[Exercise brief] Omit all pictures. Copy exactly the lines from the line containing "An aerial view" to the end of the listing, with both ends included.

[Dataset excerpt]

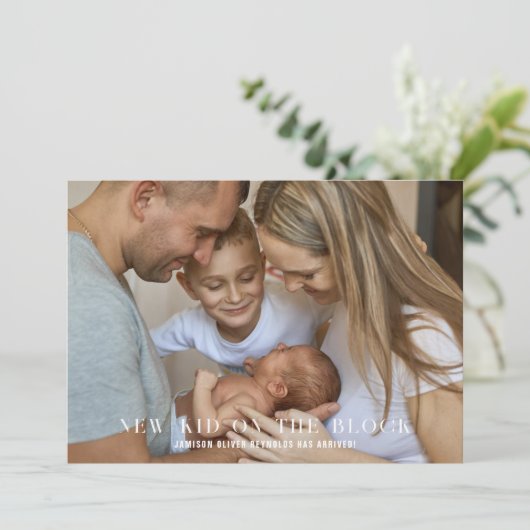 Het nieuwe Kind | Schattige 4 Foto Geboorte Aankondiging (Staand voorkant)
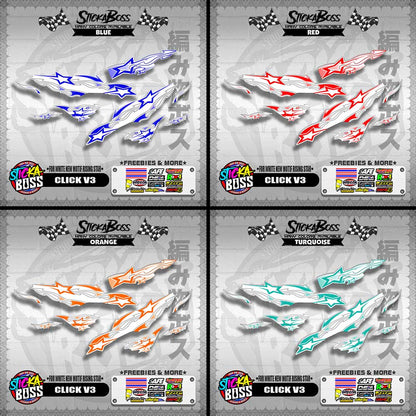 CLICK V3 DECALS ( FOR WHITE NEW MOTIF RISING STAR ) [ PREMIUM GLOSSY LAMINATED ]【WITH FREEBIES】
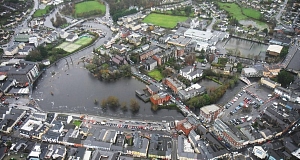 An aerial view of the flooding in Ennis town centre in county Clare, Ireland. Pic: PA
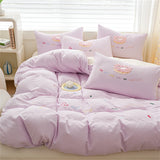 Purpdrank  Pink Bedding Sets Solid Color Washed Cotton Home Girls Bedroom Decor Duvet Cover Pillowcase Bedspread Embroidery Four Piece Set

[Solution]
 An aerial view of the flooding in Ennis town centre in county Clare, Ireland. Pic: PA
 Purpdrank  Pink Bedding Sets Solid Color Washed Cotton Home Girls Bedroom Decor Duvet Cover Pillowcase Bedspread Embroidery Four Piece Set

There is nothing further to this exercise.